Monday, September 8, 2008

Bullshit

I was going to post something here on my 10 minute break, but my head is so jumbled and crazy, I can't put anything together. I'd just like to say I'm feeling nauseous, anxious, and jubilant, somehow, with a little mania thrown in there somewhere. I'm also kind of hungry under the nausea.

I invited Kady to join our blog, but she is kind of intimidated at the idea of having an email address, much less writing on a blog, so we'll see!

Also - The Office is AWESOME!

Friday, September 5, 2008

Your Mom, My Mom, Etc.

Some days I'm just grumpy, like today. Everything, at least ALMOST everything, is irritating me. I'm attempting to make a wedding cake whilst customers, my manager, Sven, and flies are getting in my way and making a project that really shouldn't take more than three hours stretch on into the 8 hour mark.

On a good note: I took me-self out to Crossroads today and got a new pair of jeans that fit me and the cutest pink and navy retro style dress, all for only $30. Yeah for me!

Work calls. Raspberries. And yes, Three Sheets is awesome.

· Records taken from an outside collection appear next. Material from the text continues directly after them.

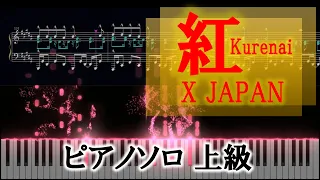 「紅」X JAPAN ピアノソロ楽譜【上級】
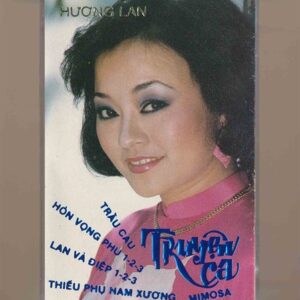 Trường Hải Tape - Truyện Ca (Băng Đen) KGTUS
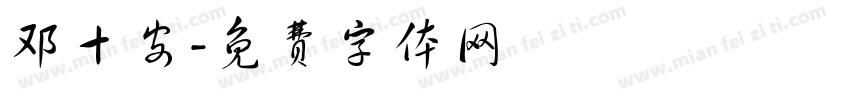 邓十安字体转换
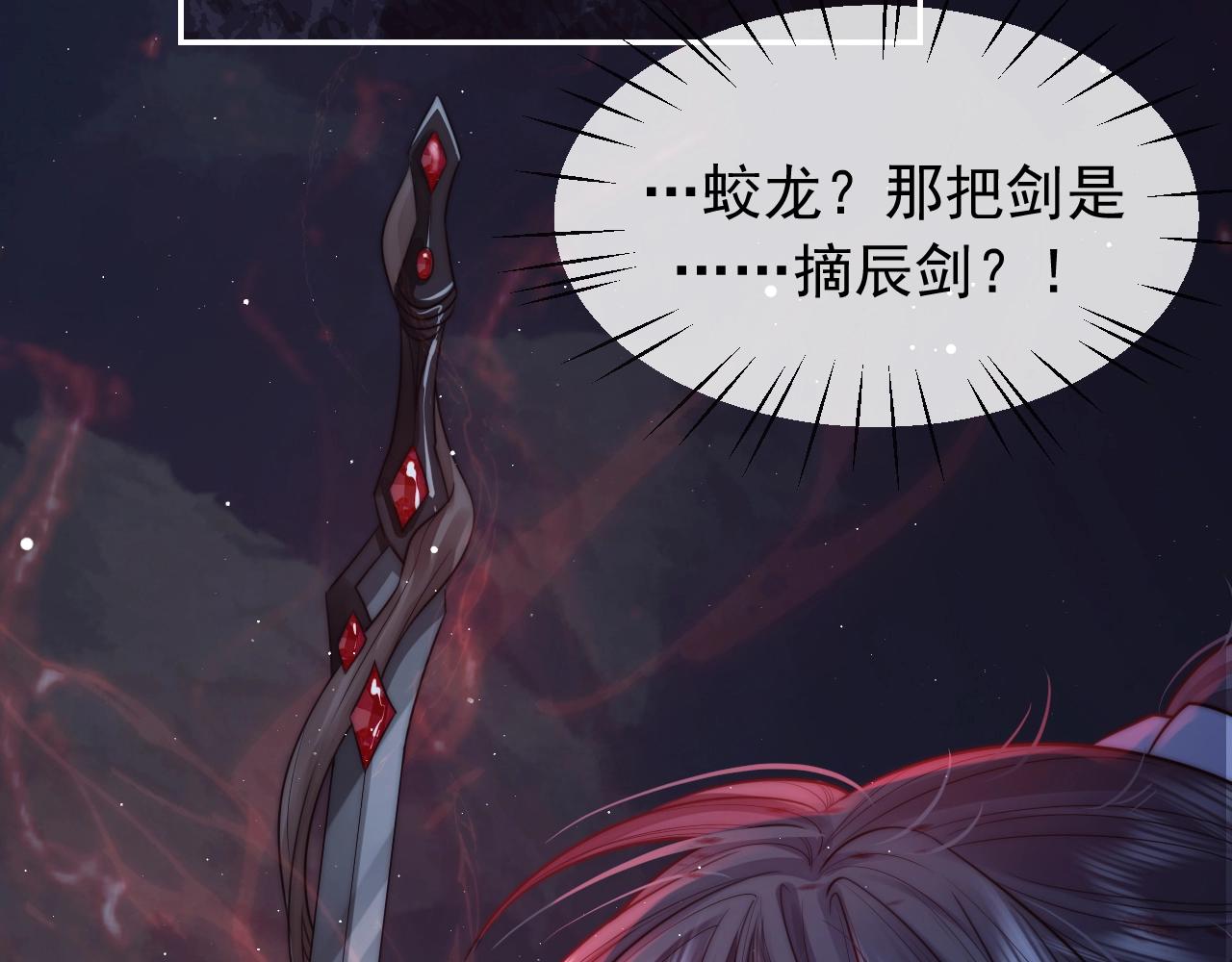 第8话 护短的师尊89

Thursday, September 4, 2008

Three Sheets

I have found the wonders of "Three Sheets" through my husband Michael through his coworker Dave... and I must say... holy shit, I should thank Zane Lamprey for my embarkation on this wondrous journey of reborn alcohol lust. I must say... I have always had a soft spot in my heart for beer, and he has only enhanced that spot. He travels the world and drinks beer and makes fun of people, yet at the same time celebrates people, and it leaves you feeling whole and buzzerific. 
   Sometimes I feel this warm glow of embarrassment when loud Americans go to other countries and I witness their antics on television. Not Zane. Something about him... Perhaps his willingness to quietly make fun of himself, perhaps his willingness to try anything without pretending that he likes or dislikes it... makes me curiously attracted to his persona. 
   So now I am an advocate of Three Sheets on Mojo. Honestly, I have never even heard of the station, but now I want to go to Brussels because of Zane. I wonder what his wife is like. I bet it would be fun to drink with them both. Because if she could put up with him I bet she is a cool mofo. 
   Here's to cheers in all its glorious languages. Here's to drinking, having fun, smoking out, living large, and generally living it up. Because after all... We've only got one life. 

Sunday, August 31, 2008

What it is all about

It is about freaking time. We used to write long drawn out stories on notebook paper passing it back and forth in our carefully crafted 12 year old letters. We used to read quietly for hours until one of us decided to run around the house looking for ghosts. Why not now? How has our creativity not morphed itself into the computer format? I will not wait another day! 
    Today is the begining of a new era. It all starts and ends with the word, so here it is. Give me your thoughts, lend me your wisdom, your annoyance with politics, your feelings about local food, your passion for murderess love stories. Tell me what movies made you cry, what made you laugh, tell me what movies took you from your house directly to a friend's because you could not bear to enjoy the pleasure alone. Tell me about a kick ass song on rock star where all three of you were in sync on seven, count them seven, occasions. I want to know. The public has a right, and we have a duty to share these thoughts with each other. Knowledge, however small, not shared is wasted. It dies with us. Lets share our crazy ideas and meanings. 
   so, an introduction of sorts. i have more entries to make. Starting with my thoughts on "In the Woods" and "The Fountain." And I know you have something pouring out of you. 

dont stop at books and movies either! Lets tell each other about great meals, independent beers, clothing stores. and invite people!